Es geht also letztlich nicht um eine Geschichte der Stadt, jedenfalls nicht im Sinne einer chronologischen Abfolge – auch wenn die 28 Kapitel den Weg durchs Jahrhundert nehmen – und schon gar nicht im Sinne einer aufsteigenden Entwicklung. Das Ideal der europäischen Stadt steht fest, unausgesprochen, aber stets präsent. Gegen alle großen und meist nur großspurigen Utopien anzuschreiben, die doch dieses 20. Jahrhundert geprägt haben, hat durchaus subversiven Reiz. Es sind die Einzelgänger und Widerständigen, denen Lampugnanis Sympathie gilt, etwa Joze Plecnik, dem abtrünnigen Schüler des Wiener Systematikers Otto Wagner und Gestalter der so ganz eigenwilligen Kulisse Ljubljanas. Oder Giovanni Muzio, der 1922 in Mailand mit dem vom Volksmund verlachten „Hässlichen Haus“ eine Zwischenposition besetzte: „Es war auf beunruhigende Art alt und neu zugleich, klassisch und modern, konservativ und revolutionär.“ Wieder eine versteckte Selbstcharakterisierung? Oder dem Franzosen Auguste Perret, der nach dem Zweiten Weltkrieg Le Havre einheitlich wiederaufbaute, und dessen Schüler und Nachfolger, dem kaum mehr bekannten Fernand Pouillon. Der errichtet im Algerien der fünfziger Jahre Siedlungen, denen Lampugnani „geradezu phantasmagorische typologische Vielfalt“ bescheinigt, mit Fassaden, die „jedem Haus eine eigene, unverwechselbare Physiognomie verleihen“.

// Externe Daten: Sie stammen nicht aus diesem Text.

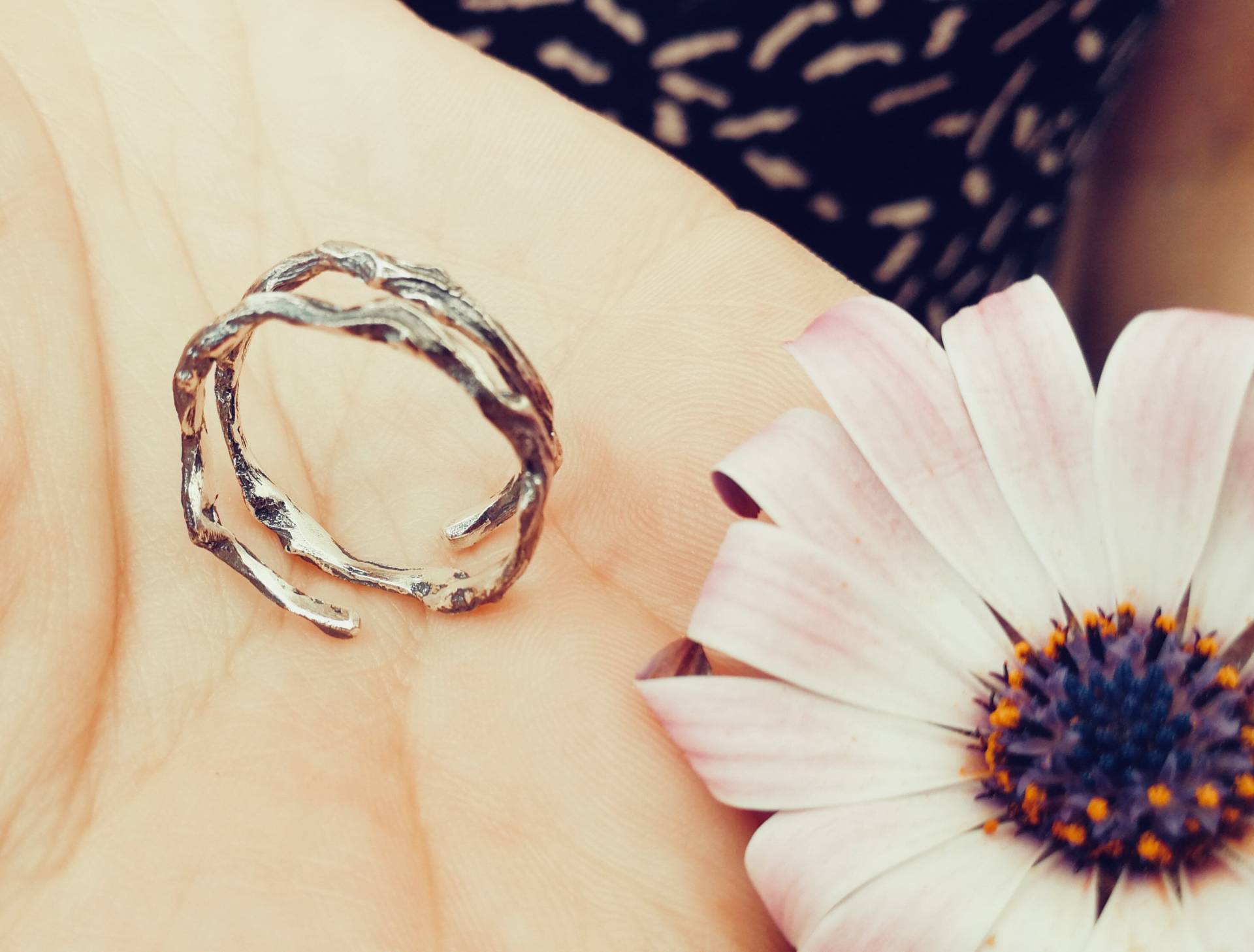 Silber Ring, Zweig Elfen Schmuck, Boho Hochzeitsgeschenk, Bio Ring Für Männer Und Frauen von AtelierBcnJoiaShop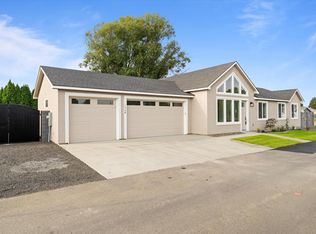 1304 Road 42, Pasco, WA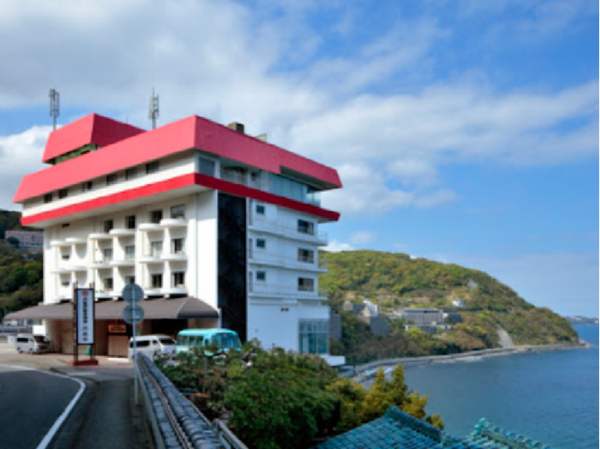 【正社員｜調理スタッフ募集】静岡県熱海市／海鮮バイキングを満喫する温泉ホテル◆業界・職種未経験者活躍中◆マイカー・バイク通勤可能◆残業代1分単位で全額支給◆月9～10日休み◆成果を正当に評価◆活き活きと働ける環境で、一緒にブランドを創り上げていきましょう！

Vielfalt und Unverwechselbarkeit – zwei Schlüsselbegriffe für die „Wiederentdeckung der historischen Stadt“, die Lampugnani am Ende seines Rundgangs beschwört. Er ist davon überzeugt, „dass es eine Stadt des 20. Jahrhunderts gibt, die sich an der Vergangenheit orientiert, ohne sie zu kopieren, zu paraphrasieren oder zu negieren“. Wie viele Experimente an der Stadt ausprobiert wurden, zeigt Lampugnani in seinen 28 Kapiteln, und wie viele davon gescheitert sind. Kein Wunder, wo er doch nichts ausspart, weder Mussolini noch Stalin oder Hitler, alle drei selbsternannte Städtebauer, aber ebenso wenig die „autogerechte Stadt“ oder die Sozialsiedlungen am Stadtrand. Doch es ist ein großes intellektuelles Vergnügen, dem Autor in seiner bisweilen melancholischen, bisweilen fassungslosen Reise zu folgen, wissend, dass keine noch so umfassende Darstellung jemals vollständig sein könnte, und objektiv schon gar nicht.
Vittorio Magnago Lampugnani: Die Stadt im 20. Jahrhundert. Visionen, Entwürfe, Gebautes. Wagenbach Verlag, Berlin 2010, 2 Bände im Schuber, zus. 912 S., Subskr.-Preis 98 €, ab 1. Februar 124 €.